I read this that you didn't deal with your feelings as well as you'd like or as well as he'd like. But make no mistake, you did NOT drive him into an EA. That was his choice. My guess is that it bothers him as well. Deeply. But he also feels conflicted - from what you've said, he loves you but feels so restricted that he can't breathe. He's confused and wants to be happy. He wants to feel loved without feeling like he's taking care of two children.

Now's your chance to work on you. I do think he wants to see you change. It's time for you to change. That behavior is not what you wanted to be, is it? So here's what I think you may want to do.

Stop trying to control him.
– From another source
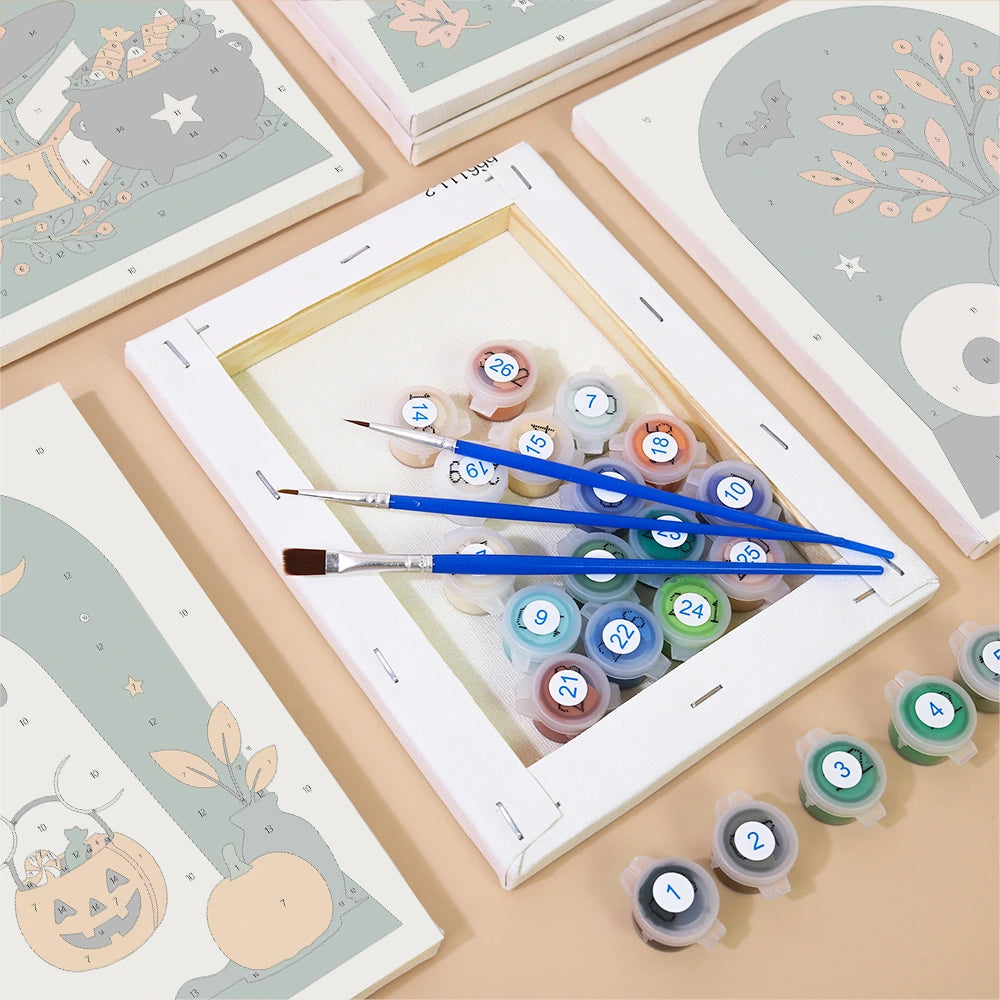 Paint by Numbers – 6 Mini Paintings | Green Arch Halloween Scenes Set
Start working on you and changes you want to see in yourself. I can understand that you wanted him to want to be with you and your son. I get that. It seems natural to me. But the way it came across wasn't very constructive. So go back to that behavior and figure out what needs to change. I suggest you write it down in your journal (you are keeping one right?) Pick one of those things each week and work on changing that behavior. Analyze it. Own it. Know it. Change it. You won't be able to demonstrate some of it, but it will bleed through in your interactions. I suggest you start by giving him the freedom to be with your son. Alone. Without your interaction even if he invites you. Find a reason to not go over there immediately or at all if possible. For a few times, and then mix it up and go when/if he invites. Let him have the alone time with your son. He deserves it. He's a good dad right?

When he wants to go to parties. Let him. Encourage him (that's a 180 as well). You won't stop him anyway. You may as well encourage him to go and have fun. You'll at least get an interesting look out of it. Be unavailable to discuss that further.
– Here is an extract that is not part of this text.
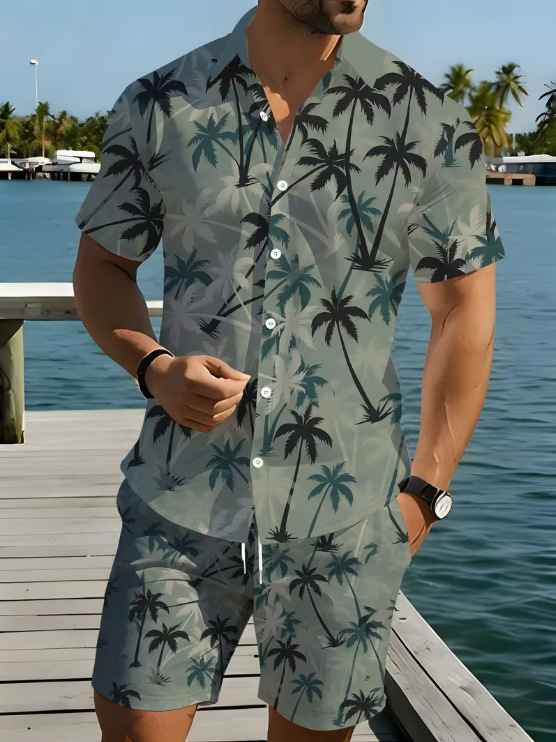 Men's Casual Hawaiian Print Shirt And Shorts Set Polyester Loose Fit Spring Summer Autumn Wear Y2K_viptrois.com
Your actions also speak louder than words. Stop using the words as much as you have. Do NOT ask about the relationship. Set a goal of at least three weeks that you will not bring it up at all. Nothing to do with the relationship. He's told you that he wants you to leave it alone. So leave it alone.

The EA. You don't know where his heart was. That's a tough thing to say for me. It really is. But it's true. As a suggestion, write him a letter where you vent all of those feelings. Do NOT let him see that letter. Ever. It's for you and you alone. Once you've written that letter, put it away somewhere he'll never ever find it. Leave your feelings with that letter. Sealed with the letter. Look at it later if you need to remember the feelings. When you're done with it, you can burn it and be done with that burden that you've put on yourself. We'll talk about this again later but for now, know that you can't carry that burden. It's not yours. You don't deserve to carry it.

Is he waiting to see what happens? What changes? Or if he can live with the changes? You bet. Is he confused? Yes. Can you change that? Not really, but you can change you. That has the added effect of forcing him to change as well. He wants to be married to you. But he doesn't want to feel so restricted or not appreciated. I suspect he doesn't feel like he's part of the marriage.

Stop worrying about him (hard to do I know) and start working on you. You deserve the overhaul if for no other reason than you don't need the guilt and the burden of thinking you didn't do something for yourself you should have. You are worth it. Be the person you wanted to be all along. He may come back when those changes are real and have been in place for a while (i.e. he can trust them) but he certainly won't if you stay unchanged.

Now's the time to be the change you want to see in your relationship.

AJ


"Our lives begin to end the day we become silent about things that matter" MLK
Put the glass down...
"Yesterday I was clever so I wanted to change the world
Today I am wise, so I am changing myself."